La microscopie à force atomique (AFM) permet des mesures nanomécaniques quantitatives sur des cellules vivantes dans des conditions physiologiques, et les développements récents en automatisation, combinés à l’analyse par apprentissage automatique, autorisent un mécanophénotypage à plus haut débit et plus reproductible. Parallèlement, la technologie FluidFM étend les capacités de l’AFM à l’extraction minimalement invasive de matériel cytoplasmique à partir de cellules vivantes individuelles, permettant ensuite une analyse transcriptomique. Toutefois, la corrélation systématique entre phénotypes mécaniques à l’échelle unicellulaire et profils transcriptomiques, à une échelle suffisante pour résoudre l’hétérogénéité des populations, demeure largement inexplorée.

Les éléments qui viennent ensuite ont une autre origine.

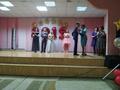 Выпускной вечер - 2019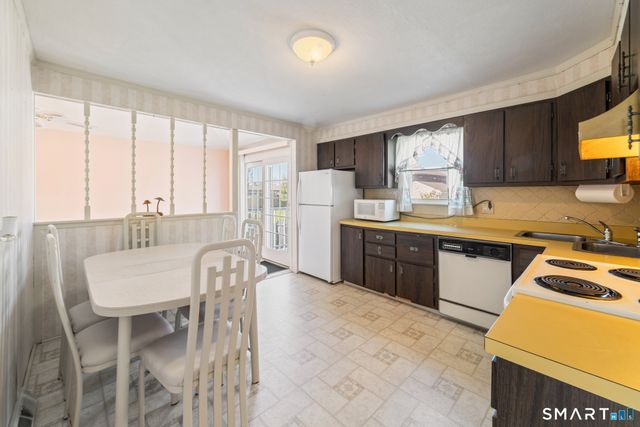 54 Coolridge Road, Milford, CT 06460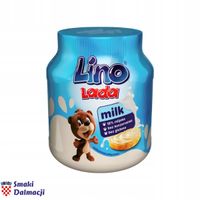 Krem do smarowania (Lino Lada Milk) 350g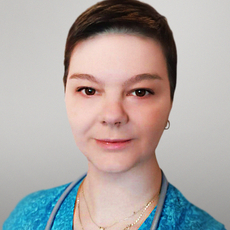 Киселёва Марина Алексеевна, аллерголог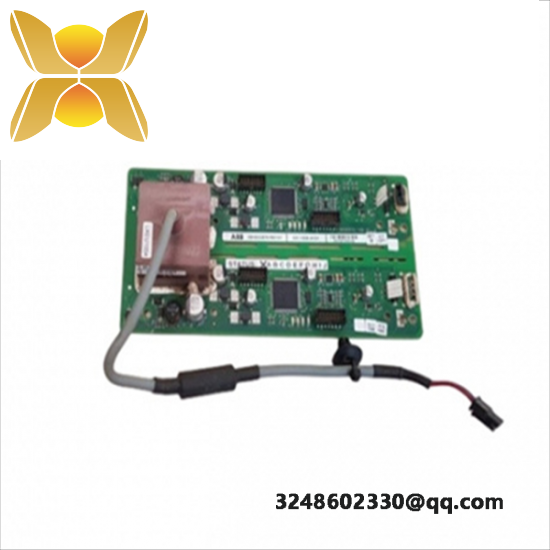 abb_3bhe028761r1002_gate_driver.png ABB 3BHE028761R1002 Gate Driver, Industrial Control Module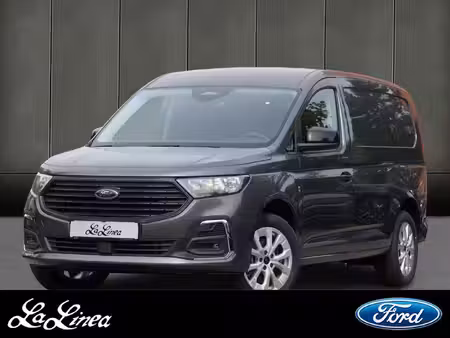 Ford Transit 2.0 122 Limited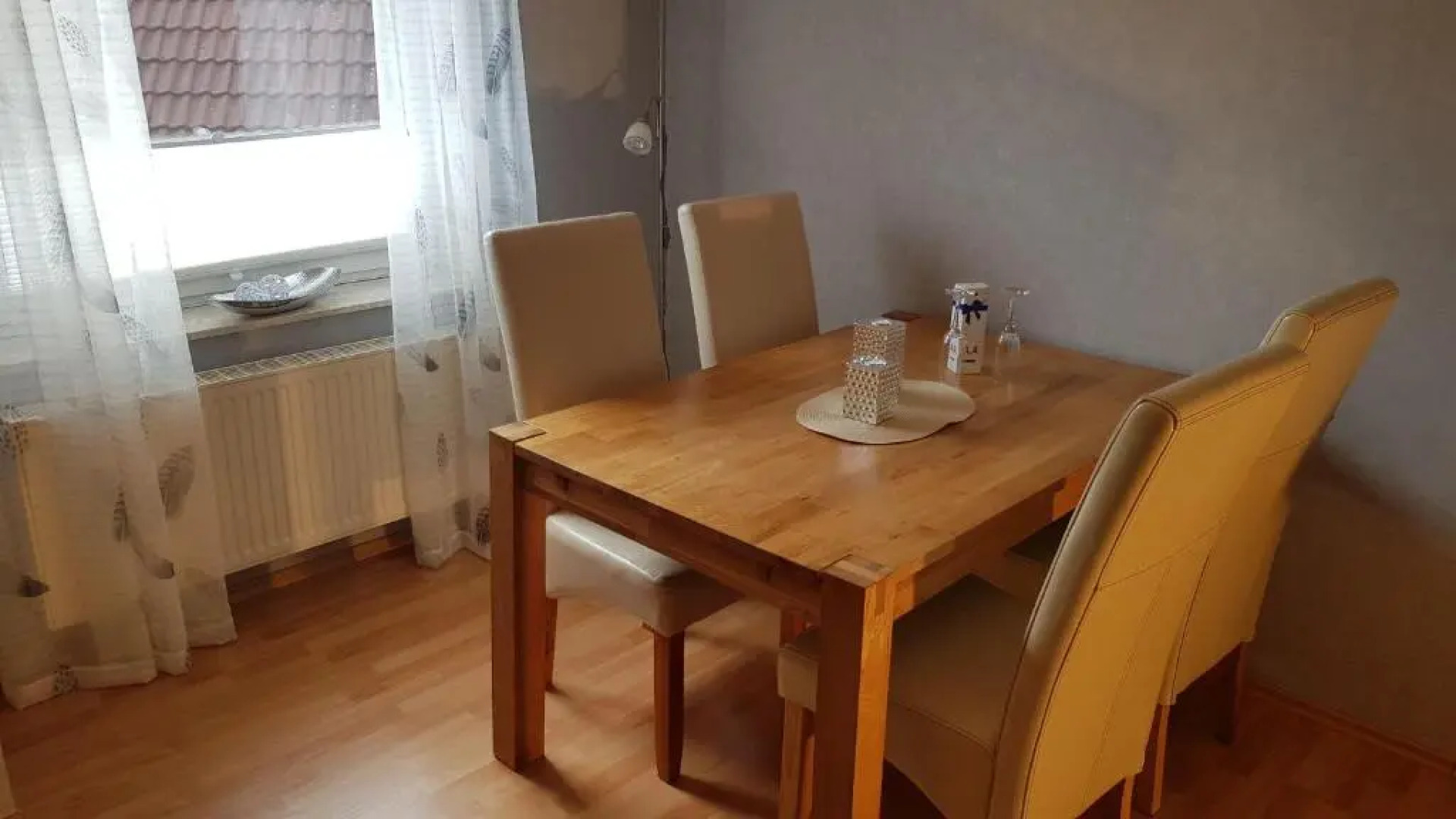 Ferienwohnung-Becker-in-Werdum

Des travaux antérieurs menés au sein de notre équipe ont montré que l’AFM automatisée associée à un apprentissage non supervisé peut révéler plusieurs sous-classes mécaniques au sein d’une lignée cancéreuse (PC3-GFP), contre un nombre plus restreint dans une lignée non cancéreuse (RWPE-1), mettant en évidence une hétérogénéité mécanique marquée dont la base moléculaire reste inconnue.
Cette thèse répond à cette lacune par deux contributions complémentaires.

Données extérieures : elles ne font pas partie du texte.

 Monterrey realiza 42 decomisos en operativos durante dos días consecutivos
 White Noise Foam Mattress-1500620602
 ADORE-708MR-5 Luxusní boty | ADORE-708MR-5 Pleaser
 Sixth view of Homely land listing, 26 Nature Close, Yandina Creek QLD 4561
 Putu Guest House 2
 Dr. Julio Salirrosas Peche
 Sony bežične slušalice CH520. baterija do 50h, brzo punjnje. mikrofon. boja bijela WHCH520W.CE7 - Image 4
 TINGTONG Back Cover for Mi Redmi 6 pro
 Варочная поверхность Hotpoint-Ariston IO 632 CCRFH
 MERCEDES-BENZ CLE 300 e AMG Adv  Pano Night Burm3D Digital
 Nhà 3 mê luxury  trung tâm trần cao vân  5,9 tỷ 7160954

Premièrement, elle met en place une plateforme de mécanotranscriptomique à l’échelle de la cellule unique, conçue pour corréler directement des sous-classes nanomécaniques dérivées de l’AFM avec les programmes d’expression génique mesurés sur les mêmes cellules. Le flux expérimental intègre : (i) une AFM automatisée pour des mesures mécaniques standardisées et à haut débit ; (ii) des approches d’apprentissage automatique, non supervisées et supervisées, pour la classification du mécanome ; (iii) une extraction cytoplasmique par FluidFM à partir de cellules préalablement profilées mécaniquement ; et (iv) des analyses transcriptomiques visant à quantifier les programmes d’expression cellulaire. Cette stratégie intégrée fournit un cadre méthodologique rigoureux pour étudier la co-variation entre l’état biomécanique et la régulation génique au sein de populations cellulaires cancéreuses hétérogènes.

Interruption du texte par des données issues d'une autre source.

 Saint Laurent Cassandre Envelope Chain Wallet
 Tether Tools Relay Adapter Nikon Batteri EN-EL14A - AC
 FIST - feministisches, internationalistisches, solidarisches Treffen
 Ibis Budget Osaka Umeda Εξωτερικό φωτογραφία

Deuxièmement, la thèse développe des sondes AFM à base de silice, fabriquées par gravure sélective laser, combinant une structuration tridimensionnelle par laser femtoseconde et une gravure chimique ultérieure. Cette approche de micro-ingénierie sur verre dépasse les principales contraintes géométriques et matérielles des sondes conventionnelles issues de procédés MEMS, en offrant une plus grande liberté de conception, une robustesse chimique accrue, une meilleure biocompatibilité et un potentiel d’intégration fonctionnelle élargi. En répondant à des limitations pratiques telles que les géométries restreintes, la réutilisabilité limitée et la rigidité des flux expérimentaux, cette technologie de sonde renforce la fiabilité et la scalabilité des approches corrélatives en écanotranscriptomique à l’échelle de la cellule unique.
Ensemble, ces développements apportent à la fois un cadre méthodologique structurant et des outils instrumentaux adaptés pour analyser l’hétérogénéité des cellules cancéreuses selon des dimensions mécaniques et moléculaires à l’échelle unicellulaire.